Short web captions:
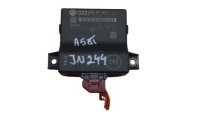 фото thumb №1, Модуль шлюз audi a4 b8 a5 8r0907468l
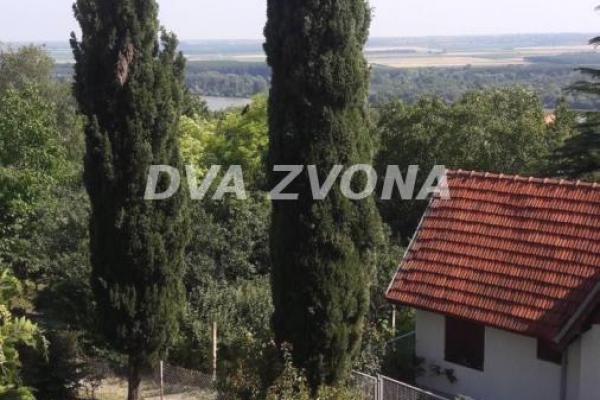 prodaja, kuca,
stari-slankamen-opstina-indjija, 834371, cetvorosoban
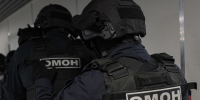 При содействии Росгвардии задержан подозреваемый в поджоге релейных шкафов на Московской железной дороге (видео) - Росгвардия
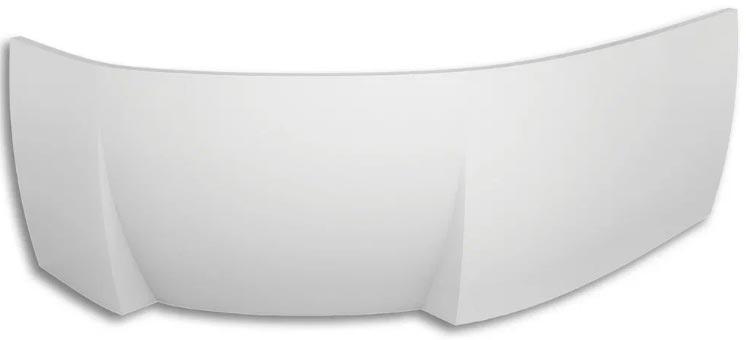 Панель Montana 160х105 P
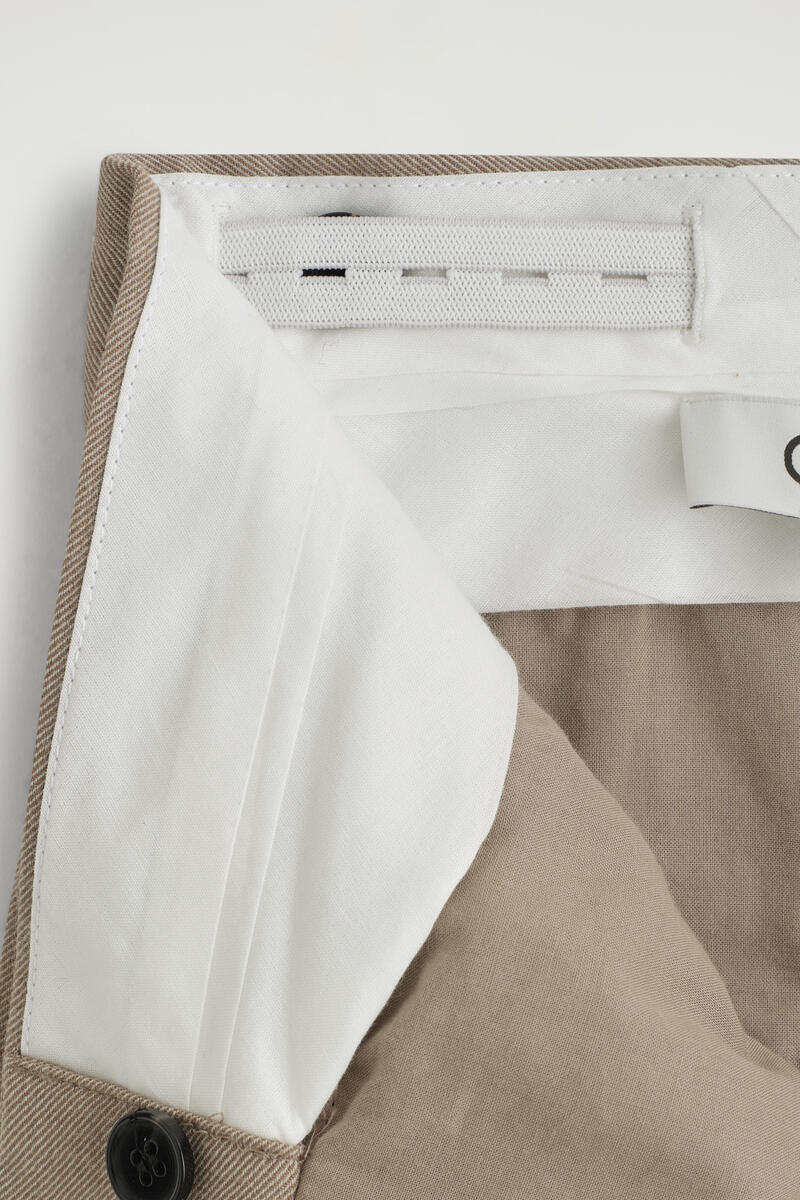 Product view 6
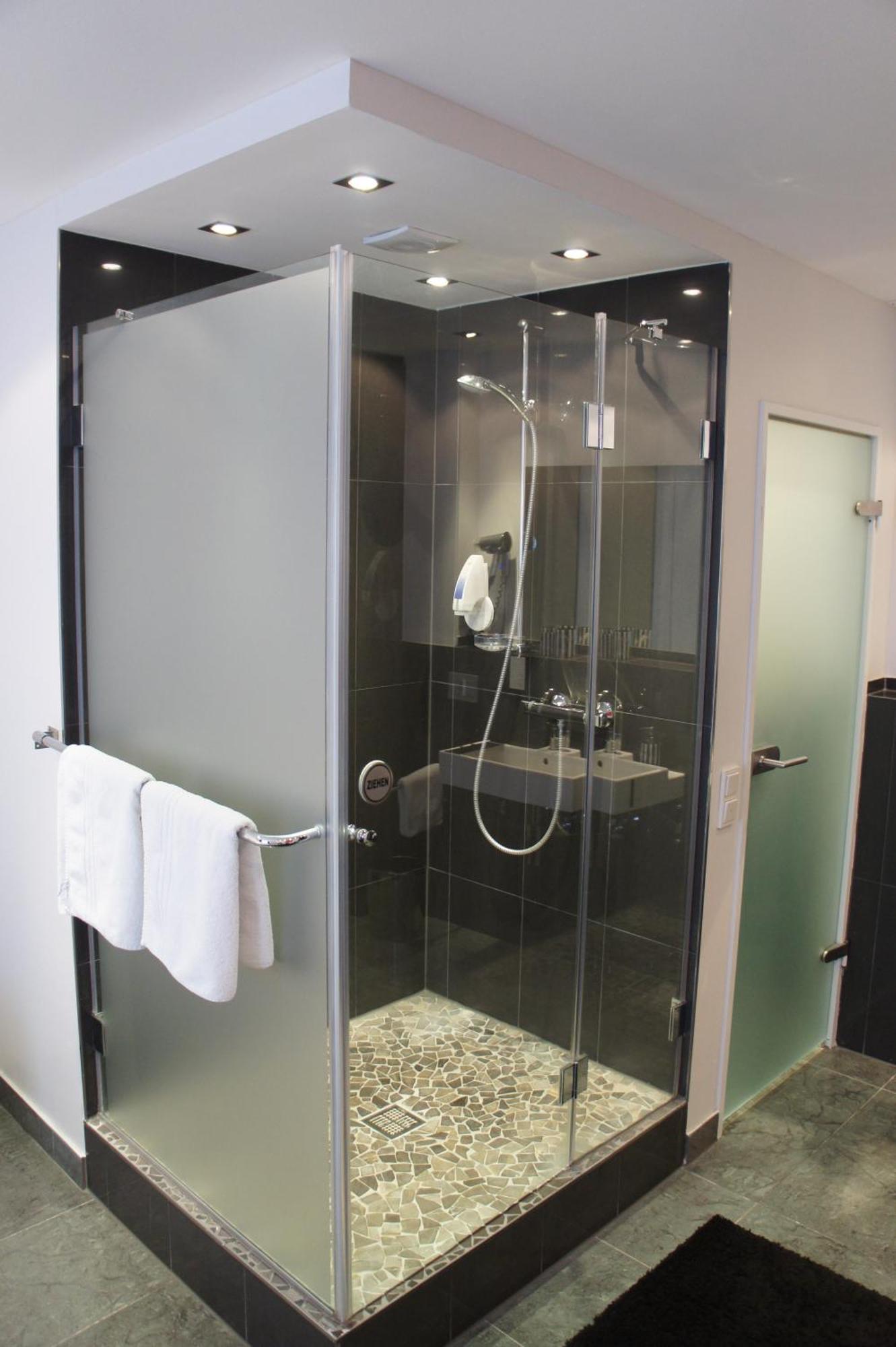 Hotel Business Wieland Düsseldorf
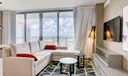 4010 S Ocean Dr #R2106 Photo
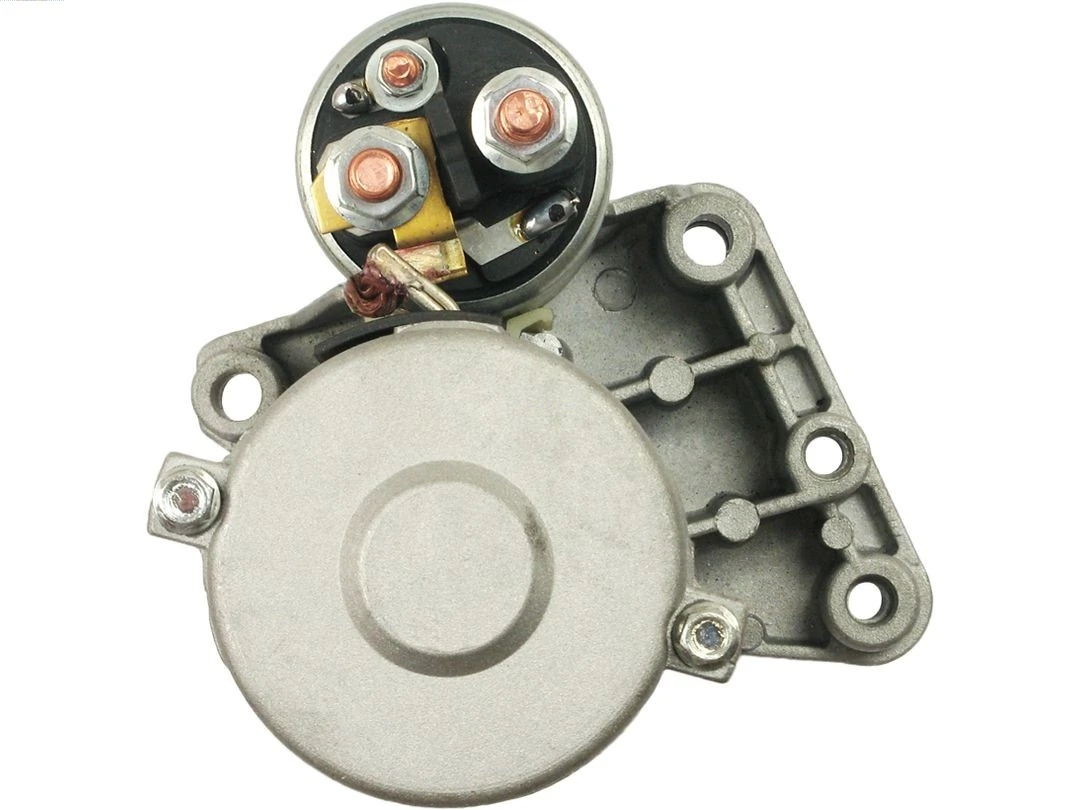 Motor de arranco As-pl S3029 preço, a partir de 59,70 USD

**Your assignment:**
Word for word, give the data above again, without any images.

**Response to this exercise:**
 фото thumb №1, Модуль шлюз audi a4 b8 a5 8r0907468l
 prodaja, kuca,
stari-slankamen-opstina-indjija, 834371, cetvorosoban
 При содействии Росгвардии задержан подозреваемый в поджоге релейных шкафов на Московской железной дороге (видео) - Росгвардия
 Панель Montana 160х105 P
 Product view 6
 Hotel Business Wieland Düsseldorf
 4010 S Ocean Dr #R2106 Photo
 Motor de arranco As-pl S3029 preço, a partir de 59,70 USD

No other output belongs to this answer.